**EXERCISE DIRECTIONS:** Using the listing below, set down exactly the lines from the one that contains "stunning classic Turquoise" through the one that contains "Ploché baleríny z", with no pictures.

**RECORD EXCERPTS:**
* * * * * * * * *

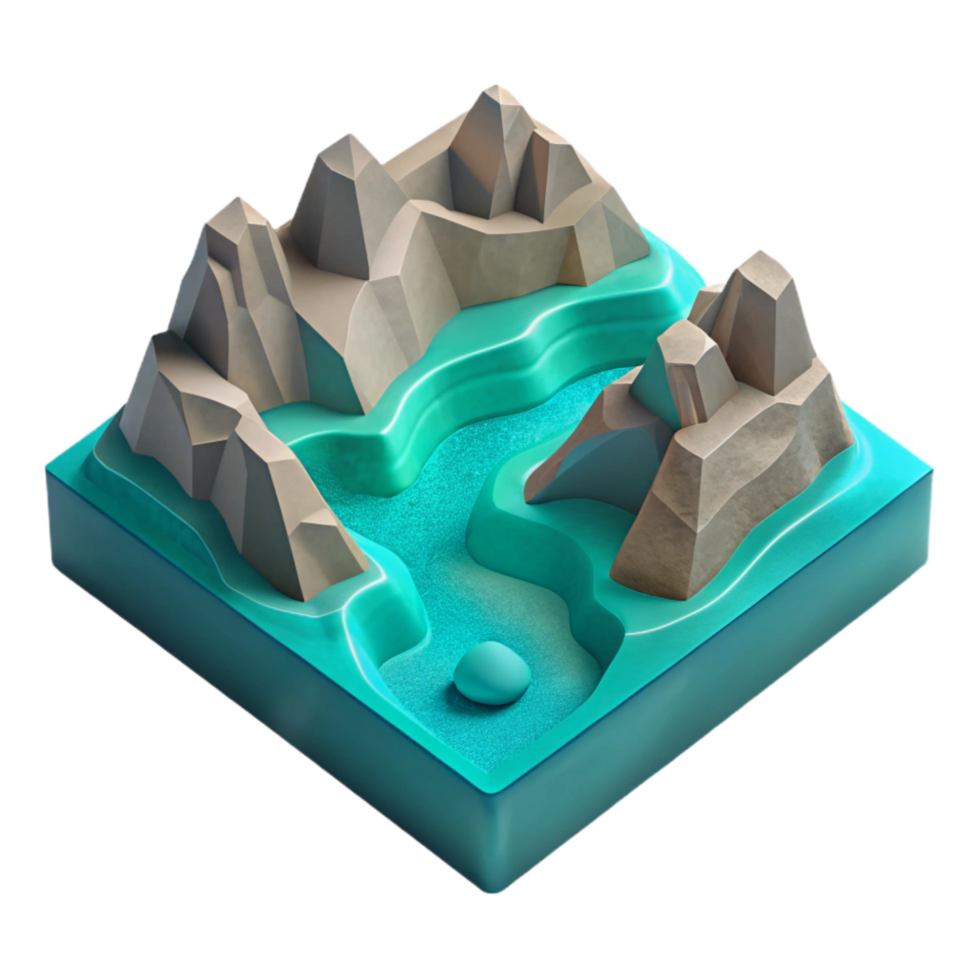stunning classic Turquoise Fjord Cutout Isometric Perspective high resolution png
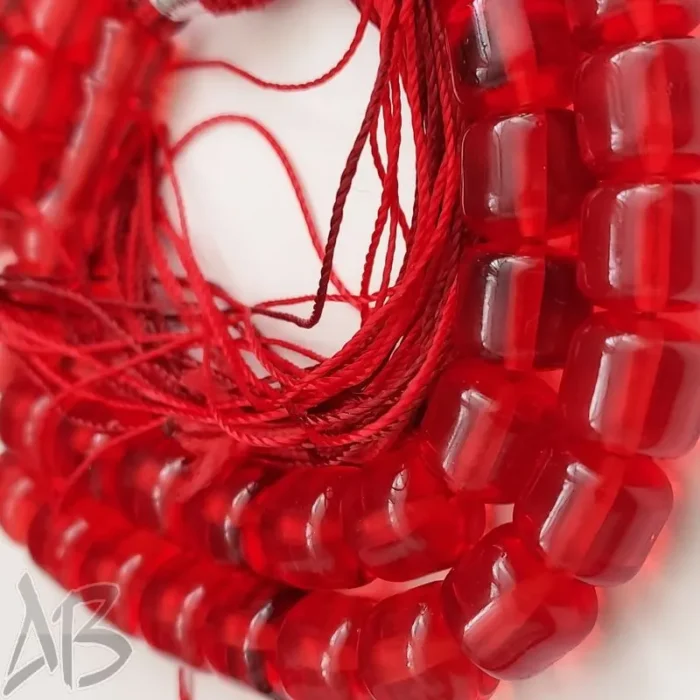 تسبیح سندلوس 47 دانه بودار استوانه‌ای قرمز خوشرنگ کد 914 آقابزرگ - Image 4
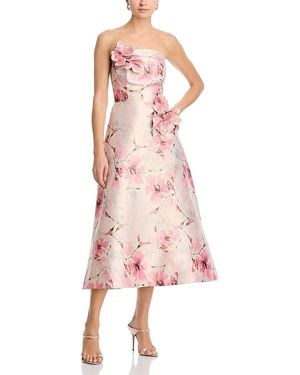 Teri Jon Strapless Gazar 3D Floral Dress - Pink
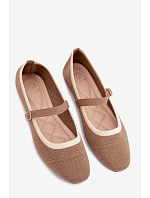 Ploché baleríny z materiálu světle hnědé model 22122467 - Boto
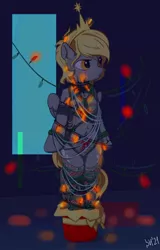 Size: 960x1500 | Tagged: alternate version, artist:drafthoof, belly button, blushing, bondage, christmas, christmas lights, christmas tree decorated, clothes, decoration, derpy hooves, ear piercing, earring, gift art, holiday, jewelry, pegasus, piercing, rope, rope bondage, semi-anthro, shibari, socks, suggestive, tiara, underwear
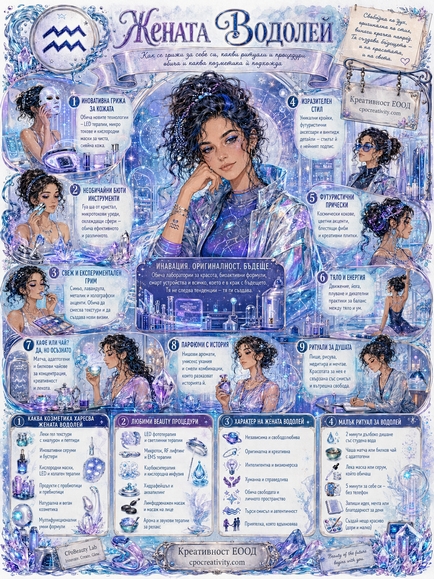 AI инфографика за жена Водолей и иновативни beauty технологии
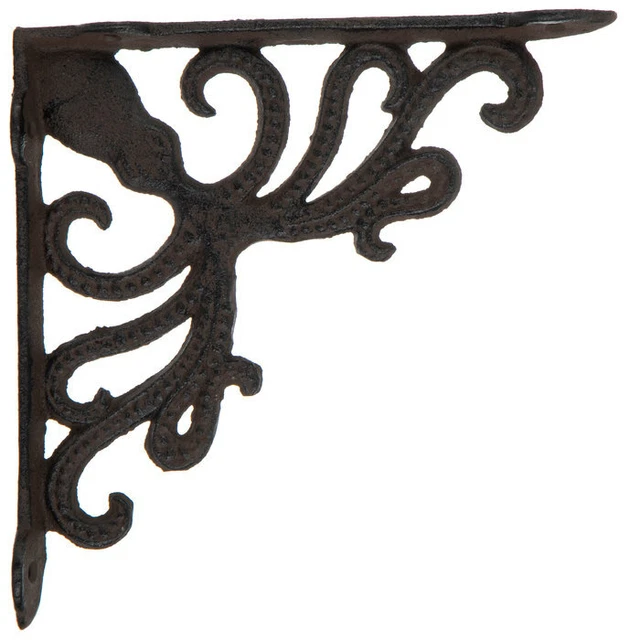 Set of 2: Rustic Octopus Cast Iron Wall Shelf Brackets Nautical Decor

* * * * * * * * *

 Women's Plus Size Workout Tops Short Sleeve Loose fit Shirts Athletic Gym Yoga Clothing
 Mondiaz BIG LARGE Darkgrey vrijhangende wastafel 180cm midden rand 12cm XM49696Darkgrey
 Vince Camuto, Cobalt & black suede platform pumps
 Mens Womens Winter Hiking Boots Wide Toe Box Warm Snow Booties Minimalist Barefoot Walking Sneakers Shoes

* * * * * * * * *

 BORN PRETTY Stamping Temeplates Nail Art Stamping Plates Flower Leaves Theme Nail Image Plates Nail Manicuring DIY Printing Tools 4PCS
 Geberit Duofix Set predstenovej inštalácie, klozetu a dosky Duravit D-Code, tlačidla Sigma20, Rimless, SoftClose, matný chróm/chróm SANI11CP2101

* * * * * * * * *

**RESPONSE AREA:**
stunning classic Turquoise Fjord Cutout Isometric Perspective high resolution png
 تسبیح سندلوس 47 دانه بودار استوانه‌ای قرمز خوشرنگ کد 914 آقابزرگ - Image 4
 Teri Jon Strapless Gazar 3D Floral Dress - Pink
 Ploché baleríny z materiálu světle hnědé model 22122467 - Boto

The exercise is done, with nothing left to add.